Digital Radio is fairly new to N. America (it's in wider use in Europe) so I
haven't seen much on it. I don't know but would expect that it has reception
sensitivity that is more or less the same as standard AM & FM. The manual
for the radio you cite indicates there is an internal AM antenna which, if
necessary, can be replaced with a supplied external antenna (the one Bobby
Green cited). The manual also indicates it comes with an FM antenna
connected to the 75-ohm F connector.

I doubt you will need an external AM antenna but if you do, the one provided
is small and unobtrusive. Quarter-wavelength AM antennas are of the size of
the WLW tower. You probably won't need that.

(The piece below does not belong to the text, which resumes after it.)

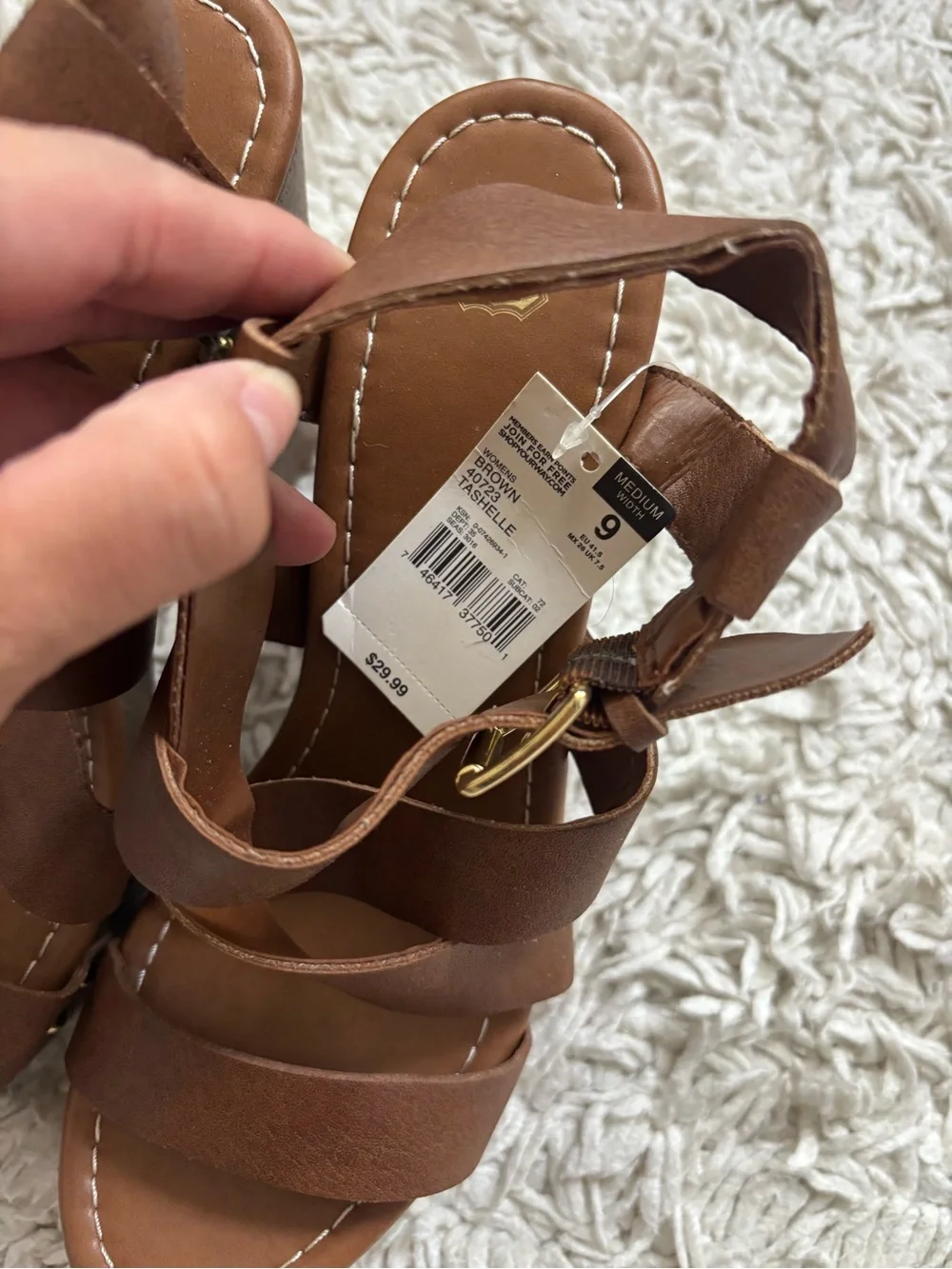Route 66 Brown Platform Strappy Block Heel Sandals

Any of the Yagi or Turnstile FM antennas shown on the cite I referenced will
work. They probably have 75-ohm F connectors. If not, there are 50-ohm to
75-ohm (or 300-ohm to 75-ohm) adapters readily available. The radio's manual
has complete instructions, including pictures.

Whether you need an omnidirectional or unidirectional antenna depends on the
station(s) you wish to receive. Unless you are in an area of fringe
reception, the omnidirectional turnstile is likely to be adequate.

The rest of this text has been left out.